Sunday, October 4, 2009

CookieContainer domain handling bug fix

CookieContainer has a bug on handling domain name here
https://connect.microsoft.com/VisualStudio/feedback/ViewFeedback.aspx?FeedbackID=478521
and Microsoft decided not to fix it in .NET 2.0/3.0/3.5.

I want to inspect the problem and want to do my own hack to solve this issue in .NET earlier than 4.0.

At first, there is three object related to cookie management in this issue, Cookie, CookieCollection and CookieContainer. Cookie is the cookie object, CookieCollection is just simply the collection of cookies and CookieContainer is a Cookie or CookieCollection container that will manage domain uri, path and expiry.

Now the issue resides in CookieContainer which not handle domain properly.
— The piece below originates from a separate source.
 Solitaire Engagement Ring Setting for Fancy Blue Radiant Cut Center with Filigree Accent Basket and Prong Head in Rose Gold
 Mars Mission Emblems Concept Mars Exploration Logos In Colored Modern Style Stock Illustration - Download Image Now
Domain handling is important because it tells client side browser or processor which cookie is visible to the client side code and can be sent back to the server. The theory is something like this:

Web from different domain can't access cookie which is belong to other domain. For example http://www.yahoo.com can't see all cookies from google.com.
Sub domain can access cookies for the sub domain and all its parent sub domain and domain itself. For example http://groups.google.com can see cookies from groups.google.com and .google.com.
Parent sub domain or domain itself can't access cookies from any of its child sub domain. So http://domain.com can't see cookies from sub.domain.com.

However I have a little confusing about the dot at the beginning as the rfc2019 standard like .domain.com and .groups.domain.com compare to non-dot domain.
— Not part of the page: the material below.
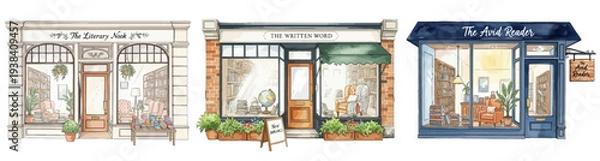 Fototapeta お洒落な街角の本屋・書店・ライブラリーの外観素材,手描き風,読書の秋,アンティーク,白背景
Back to the issue, CookieContainer has three interested method for me to inspect. It is Add, GetCookies and SetCookies.

To properly inspect CookieContainer object, I should not trust to all these three methods instead, I want to use reflection to see what happened inside the object.
After some reflection studuying, I reveal this fields:

CookieContainer cc has m_domainTable field

Hashtable m_domainTable
Hashtable Key: string domain
Hashtable Value: PathList pathList

PathList pathList has m_list field

SortedList m_list
Key: string path
Value: CookieCollection colCookies

So from the CookieContainer object, we can get the Cookie object by this path: domain string > path string > cookies. All cookies are grouped by path and domain.
This is the code that helping me to study CookieContainer object, I get from http://channel9.msdn.com/forums/TechOff/260235-Bug-in-CookieContainer-where-do-I-report/ Thanks to JohnWinner:

public List GetAllCookies(CookieContainer cc)
{
List lstCookies = new List();

Hashtable table = (Hashtable)cc.GetType().InvokeMember("m_domainTable", System.Reflection.BindingFlags.NonPublic | System.Reflection.BindingFlags.GetField | System.Reflection.BindingFlags.Instance, null, cc, new object[] { });

foreach (object pathList in table.Values)
{
SortedList lstCookieCol = (SortedList)pathList.GetType().InvokeMember("m_list", System.Reflection.BindingFlags.NonPublic | System.Reflection.BindingFlags.GetField | System.Reflection.BindingFlags.Instance, null, pathList, new object[] { });
foreach (CookieCollection colCookies in lstCookieCol.Values)
foreach (Cookie c in colCookies) lstCookies.Add(c);
}

return lstCookies;
}

Now I want to test all Add, GetCookies and SetCookies methods if it doing right.

Testing Add method:

This are the code I use to test it:

Uri u = new Uri("http://sub.domain.com");
Cookie c1 = new Cookie("test1", HttpUtility.UrlEncode("www.domain.com"), "/", "www.domain.com");
Cookie c11 = new Cookie("test11", HttpUtility.UrlEncode(".www.domain.com"), "/", ".www.domain.com");
Cookie c2 = new Cookie("test2", HttpUtility.UrlEncode("sub.domain.com"), "/", "sub.domain.com");
Cookie c21 = new Cookie("test21", HttpUtility.UrlEncode("sub.domain.com"), "/", "sub.domain.com");
Cookie c22 = new Cookie("test22", HttpUtility.UrlEncode(".sub.domain.com"), "/", ".sub.domain.com");
Cookie c3 = new Cookie("test3", HttpUtility.UrlEncode(".domain.com"), "/", ".domain.com");
Cookie c31 = new Cookie("test31", HttpUtility.UrlEncode(".domain.com"), "/", ".domain.com");
Cookie c4 = new Cookie("test4", HttpUtility.UrlEncode("domain.com"), "/", "domain.com");
CookieContainer cc = new CookieContainer();

I test add the cookie by this,

cc.Add(c2);
cc.Add(c21);
cc.Add(c3);
cc.Add(c31);
cc.Add(c4);

and this

cc.Add(u, c2);
cc.Add(u, c21);
cc.Add(u, c3);
cc.Add(u, c31);
cc.Add(u, c4);

Note that c1 and c11 has been removed from testing Add(Uri, Cookie) and Add(Uri, CookieCollection) since using uri sub.domain.com will throw an exception The 'Domain'='www.domain.com' part of the cookie is invalid. I think the www consider a diffrent 'sub domain' which is not related to the sub domain (sub.domain.com).
Maybe the www.domain.com cookie used to let the cookie visible in the domain.com but not in its sub domain.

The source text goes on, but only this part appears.